Dyersburg gym creates young boxing champions - WMC Action News 5 - Memphis, Tennessee

Dyersburg gym creates young boxing champions

(Source: WMC Action News 5) (Source: WMC Action News 5)
DYERSBURG, TN (WMC) - In the northwest kitty-corner of Tennessee, there's a garage, in the garage, there's a gym, in the gym, there's a coach.

That coach is Terance Reed and he teaches kids what they call the sweet science, boxing.

With all of that training, it's more like a sweat science, but every drop, pays off.

"We train, we do agility, we work on cardio, stuff like that,” said 13-year old boxer Kevon Brown. Brown is just one part of a very special gym in Dyersburg.

"To have one of the top gyms in the nation, I know my work is good,” said “Coach 'T' Reed. “I'm not bragging but I know my work is good."

His work, the cardio, the lessons with the mitts - has led to an innumerable amount of title belts.
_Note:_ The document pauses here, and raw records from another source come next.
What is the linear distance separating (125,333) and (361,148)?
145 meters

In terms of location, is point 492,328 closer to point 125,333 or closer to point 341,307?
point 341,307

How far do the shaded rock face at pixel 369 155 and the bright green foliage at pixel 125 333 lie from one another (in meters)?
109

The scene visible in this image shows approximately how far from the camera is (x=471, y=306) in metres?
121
This little gym is full of champions, including Junior Olympics gold medalists.

“I guess I've beaten everybody, and I'm the most dominant in my weight class,” said Braden Reed, Terance's son and a Golden Gloves champion.

Team Reed has been successful at every tournament, no matter how big.

“At the Title Nationals in Hot Springs, Arkansas, we went up there and turned a lot of heads,” said Coach Reed.

Ranging from the lethal little one – 55-pound 8-year old champion 'Showtime' Roman Shelby, who Reed says “has some dog in him” to 132-pound Junior Olympic gold medalist Kevon “Crispy Kid” Brown, there's not a weight Team Reed can't dominate.

Reed's son Braden already has 14 belts.

"I got a lot of fights, I got 85 fights so I'm trying to go pro at 17 or 16."

And his daughter Teagan can TKO anyone in her weight class.

"To see my daughter win a national tournament and be number one in the nation is remarkable,” said Reed.

"I wanted to start boxing because it looked fun,” said Teagan.

For Coach T, it's not about the belts, it's more about the growth.

"The feeling is unexplainable, I'm very proud of them, just going out there and fighting in the ring and doing what I tell them to do,” said Reed.“Whether they win or lose, that's rewarding enough for me."

And there's the pride that the biggest punch might come from the smallest gym.